#### WHAT TO DO
Extract from the entries below, exactly as given, only the lines from the line containing "Recipiente Organizador Heladera" to the line containing "Clips de caisse", both lines included.

#### ENTRIES SHOWN

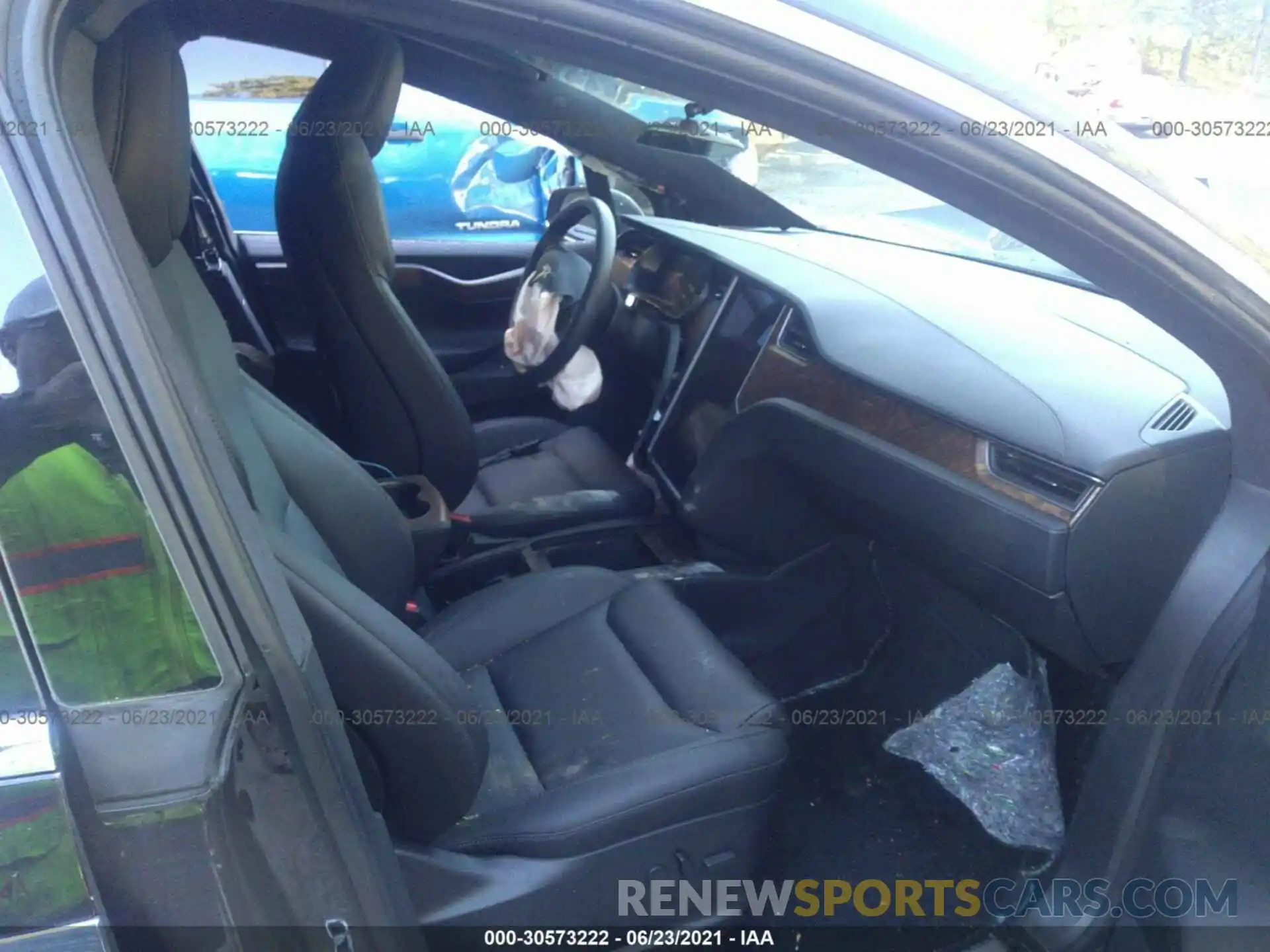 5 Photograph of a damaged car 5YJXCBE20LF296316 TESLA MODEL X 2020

==

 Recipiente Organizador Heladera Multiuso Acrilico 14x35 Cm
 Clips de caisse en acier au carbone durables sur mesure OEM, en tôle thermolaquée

#### RESPONSE BOX
 Recipiente Organizador Heladera Multiuso Acrilico 14x35 Cm
 Clips de caisse en acier au carbone durables sur mesure OEM, en tôle thermolaquée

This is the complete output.